Now, I’ve held myself out to be an elite-level fan of Eve 6, and I’ve made a point to keep up with each of its releases as they’ve periodically appeared over the course of my adolescence, young adulthood, and whatever this phase is I’m in now, so my choice was clear. After a weird amount of hemming and hawing that was completely unwarranted given the stakes, I ponied up the five dollar subscription fee, and in return, I received immediate access to no less than fifteen newly recorded, fully downloadable, deeply killer songs.
Here’s where we should stop and try to distill all of this context and data into some kind of point. The easiest, most convincing way to do that is boil it down to numbers: I paid five dollars for fifteen songs, and the band gets to keep most of that payment (Patreon takes about ten percent as their cut). Sure, that five bucks is supposed to be the first installment of a recurring monthly subscription, but (for now, at least) there’s no ongoing commitment, so there’s nothing stopping me from paying the fee once, collecting my bounty of songs, and then ghosting, even if the band would probably prefer me stick around for longer.
If I would have paid $19.99 for a new Eve 6 CD in 2001, surely I can pony up five measly bucks for the same number of songs in 2024; after all, I’m an adult with a regular income now, not a kid saving up his allowance, and five bucks for an album’s worth of songs is a freakin’ seventy-five percent discount off of 2001 prices (thanks, disintegrating music industry!).
Is it bad form to sign up, pay once, download the available catalog, and ghost, though? I don’t think so: at the highest end of Spotify’s current royalty rates, I would have to stream Eve 6’s songs one thousand times to generate five dollars in revenue for the band. Is that something I’m likely to do? One thousand streams? Why not instead just pay the band five bucks, an amount of money at least slightly more commensurate with what they’re offering me in exchange, if still depressingly inadequate, and download the songs to keep in my library? It’s not a perfect solution by any stretch, but it does feel like marginal movement in the right direction.
This Is Bigger Than Eve 6
The point of this article, though, is meant to be bigger and broader than Eve 6 and Patreon - they’re just examples that happen to apply to me personally. If there’s a takeaway, it’s probably this: If you love a band or an artist, buy some of their shit. Eve 6, by hiding its new music behind a very low paywall, made it easy for me to put my money where my mouth is, but when you’re faced with an opportunity to shell out some nominal fee in exchange for music, a poster, a concert ticket, a sticker, or whatever, do it - because even your smallest contribution is bound to be exponentially more valuable than the $0.005 per stream that Spotify is willing to part with.

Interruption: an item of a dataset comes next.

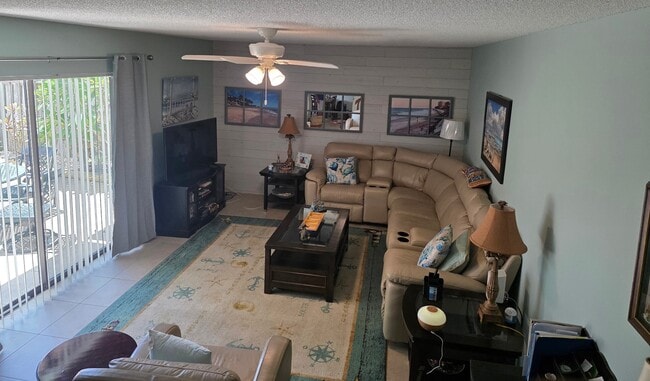 Photo - 370 E Waverly Pl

You can boil all of this down to some really stupid questions: Is Eve 6’s music worth five bucks to me? Of course it is. Is your favorite band’s music worth five bucks to you? God, I hope so. In my opinion, we’re due for a comprehensive reconsideration of music’s value to society; setting aside the massive revenue streams of the Tays and Drakes among us, try to think of any other facet of pop culture so universally consumed, socially entrenched, and generally ubiquitous but that generates such patently inequitable returns for its creators. Tough one, right? Whether the juice is worth the squeeze to career musicians or would-be career musicians is a ratio trending in a dark direction, and if we’re not careful, before long it’ll be goodbye rock and roll, and you know what?
The lack thereof would leave me empty inside.